INSTRUCTIONS TO FOLLOW
Give again, word for word, the line holding "Gavan Filet Anchovy 1.7 oz (48 g)" and every line after it through the end of the data below. Omit pictures.

SUPPLIED MATERIAL
┄┄┄┄┄┄

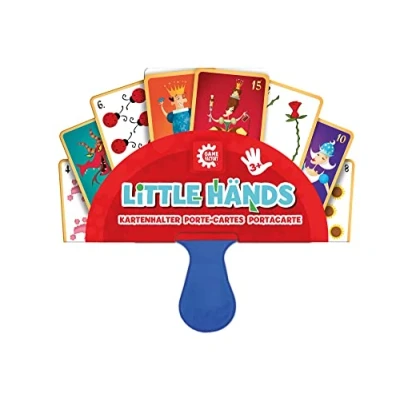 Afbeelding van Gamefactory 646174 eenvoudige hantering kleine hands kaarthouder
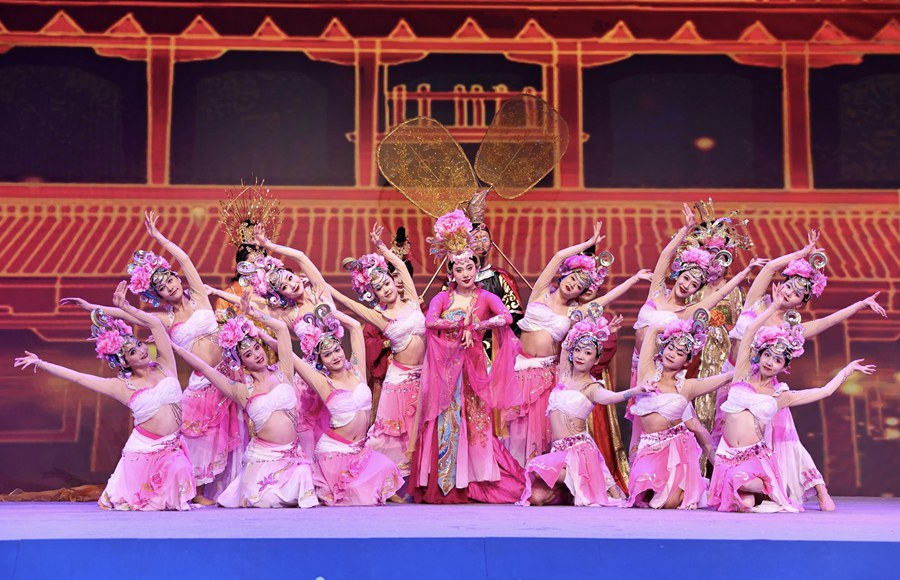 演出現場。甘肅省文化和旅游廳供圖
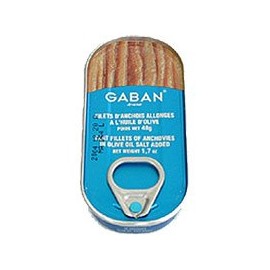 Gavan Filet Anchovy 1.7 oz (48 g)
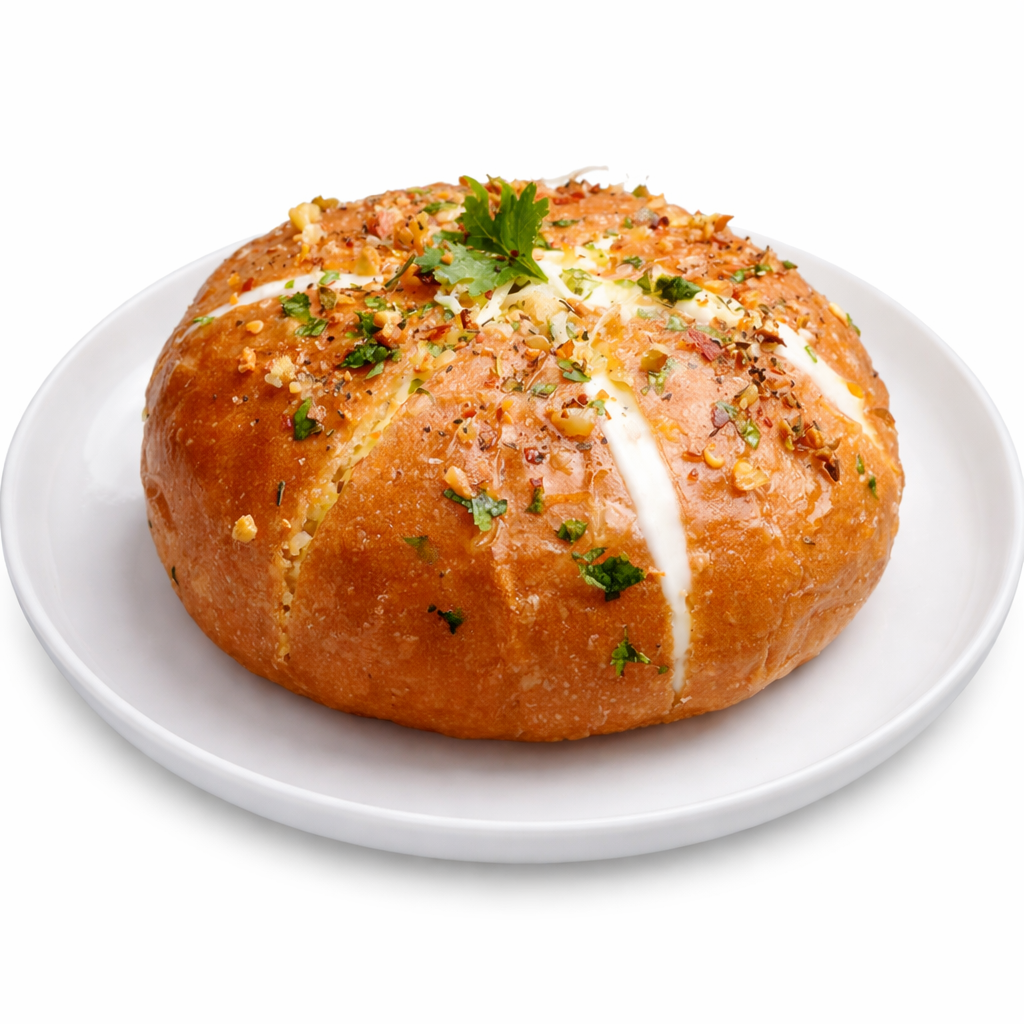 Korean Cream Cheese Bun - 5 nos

┄┄┄┄┄┄

RESULT OF THIS TASK
 Gavan Filet Anchovy 1.7 oz (48 g)
 Korean Cream Cheese Bun - 5 nos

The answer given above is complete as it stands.